This may be so, but I think, honestly, not..
All sorts of lathes by thousands have been used on ships and boats of all types for decades and worked fine.
As you said, if it has an accurate-to-lathe-body (spindle) subframe, this will be a great help, and You can just move it / chuck the subframe into any place and it will be fine.
No personal experience on that lathe.
But boats/yachts/ships twist, quite a lot, in machinist terms.
This does not hurt any lathe, but for top-accuracy the lathes should theoretically be soft-mounted on relatively rigid subframes.
Afaik, this is not routinely done.
A huge nr of manual lathes are on soft mounts and do excellent work.

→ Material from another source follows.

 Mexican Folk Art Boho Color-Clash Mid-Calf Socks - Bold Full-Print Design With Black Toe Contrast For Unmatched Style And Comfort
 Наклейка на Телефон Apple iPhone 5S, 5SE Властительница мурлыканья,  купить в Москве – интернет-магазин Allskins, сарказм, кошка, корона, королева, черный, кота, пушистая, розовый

The common wisdom and factory recommendation on manual lathes is soft mounts.
I am not advocating/insisting on soft mounts ...
just pointing out they are the common-average factory recommendation, and work well.
A hard mount is modern practice with big cnc turning centers (+vmcs), that are all soft and floppy, volumetrically.
Worth noting the 140 was designed to go on the back of a Army or Air Force 10 ton Truck or in the engineering shop of a ship, frigate or battle ship. So leveling is not essential but preferred.
That is why it is Near fatal to ever part the lathe from the special frame it is bolted to.
For that reason it is the only lathe I know that can be put on wheels and still stay accurate.